Idaho Power identifies issues with further wind additions

Idaho Power has added a lot of wind-generated capacity on its system in recent years, but faces serious issues going forward with squeezing more such capacity on the existing system while at the same time having enough back-up generation to balance wind’s notorious variability.

“As a variable and uncertain generating resource, wind generators require Idaho Power to modify power system operations to successfully integrate such projects without impacting system reliability,” said a wind integration study that the utility released in February in conjunction with an update of its 2011 integrated resource plan. “The company must build into its generation scheduling extra operating reserves designed to allow dispatchable generators to respond to wind’s variability and uncertainty.”

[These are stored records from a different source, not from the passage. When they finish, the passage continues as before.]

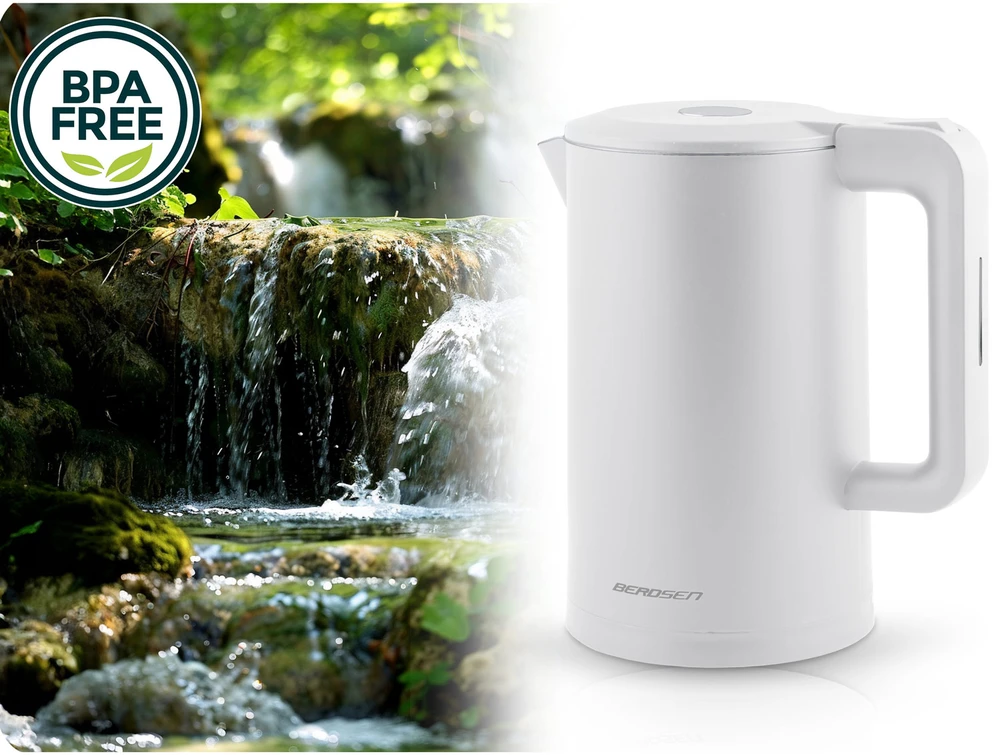 Berdsen BD-710 elektrinis virdulys 1,7 l, baltas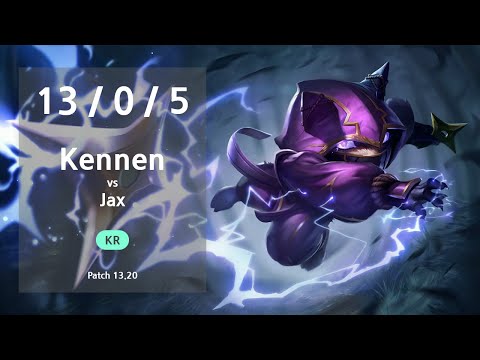 Kennen Top vs Jax - KR Challenger Patch 13.20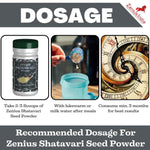 Zenius Shatavari Seed Powder Ayurvedic Support to Balance Women’s Hormones - 100g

Idaho Power, similar to much of the Pacific Northwest, has experienced rapid growth in wind generation over recent years. As of January 2013, Idaho Power has reached on-line wind generation totaling 678 MW of nameplate capacity.

“This rapid growth has led to the recognition that Idaho Power’s finite capability for integrating wind is nearing depletion,” the study said. “Even at the current level of wind penetration, dispatchable thermal and hydro generators are not always capable of providing the balancing reserves necessary to integrate wind. This situation is expected to worsen as wind penetration levels increase.”

The investigation in the study quantified wind integration costs for wind installed capacities of 800 MW, 1,000 MW, and 1,200 MW. Synthetic wind generation data and corresponding day-ahead wind generation forecasts at these build-outs were provided by Energy Exemplar (formerly PLEXOS Solutions) and 3TIER.

The study employed the following two-scenario design:

  • Base scenario for which the system was not burdened with the incremental balancing reserves necessary for integrating wind; and
  • Test scenario for which the system was burdened with the incremental balancing reserves necessary for integrating wind.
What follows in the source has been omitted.